__Key Concepts__

The purpose of sampling is to create a representative subset of the data. Sampling allowed us to perform analyses and extrapolate results for the claims data in this engagement without examining the entire dataset. The reliability of the sample is measured by two statistical concepts: the confidence level and the margin of error, explained below.

The confidence level is the percentage of time that the actual or true value of the population is within a specified range of the sample. The margin of error defines that range. In our case, if the average cost of care was estimated to be $2,000 with a +/- 5% margin of error at the 95% confidence level, we would know that the true average cost is between $1,900 and $2,100 with 95% statistical certainty.
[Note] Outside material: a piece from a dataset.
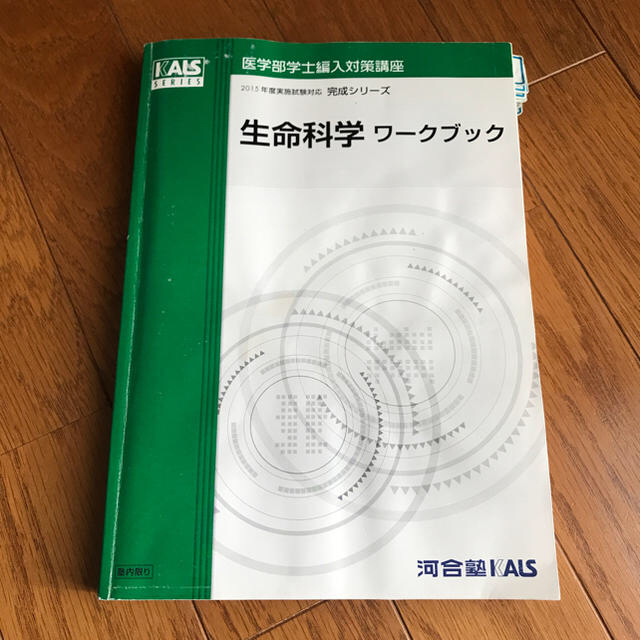 【値下げ】河合塾KALS 生命科学資料集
The confidence level and margin of error are directly tied to the size of the sample. The more observations included in the sample, the smaller the margin of error given the same confidence level. However, this relationship is non-linear. At high levels of precision, a small increase in accuracy may require a large increase in sample size.

__Sample Design__

Designing a representative sample requires several considerations, including choices that change the sample size required for statistical inference, such as sampling units and choice of sampling methods. In terms of sampling units, each sampling unit has the same probability of being selected into the sample. That is, each individual claim has equal chance of being drawn. Sampling at the claim level may allow one to examine the average cost per service.

In terms of choice of sampling methods, random sampling is the most common and simple method to select a representative subset from a population. We identified two alternative approaches depending on the question the sampling aimed to answer. For each approach, the approximate sample size needed in the example is obtained using RAT-STATS, a software created by the Office of Inspector General, which is often used to sample and quantify improper claims.
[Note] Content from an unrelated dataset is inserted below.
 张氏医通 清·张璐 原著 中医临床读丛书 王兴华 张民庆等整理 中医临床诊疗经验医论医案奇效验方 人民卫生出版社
#### Option 1: Sampling by Error Rate

When the sample intends to answer a yes-or-no question, for example, whether there was overbilling or not, the sample will be able to provide a statistical basis to conclude how common a particular occurrence (presence of overbilling) is. The sample size required for +/- 5% margin of error at the 95% confidence level is 401.

#### Option 2: Sampling by Amount

In the event that we try to answer a question such as “what is the average amount billed?”, the objective of the sample is to estimate an amount of interest. The sample size required for +/- 5% margin of error at the 95% confidence level is 548.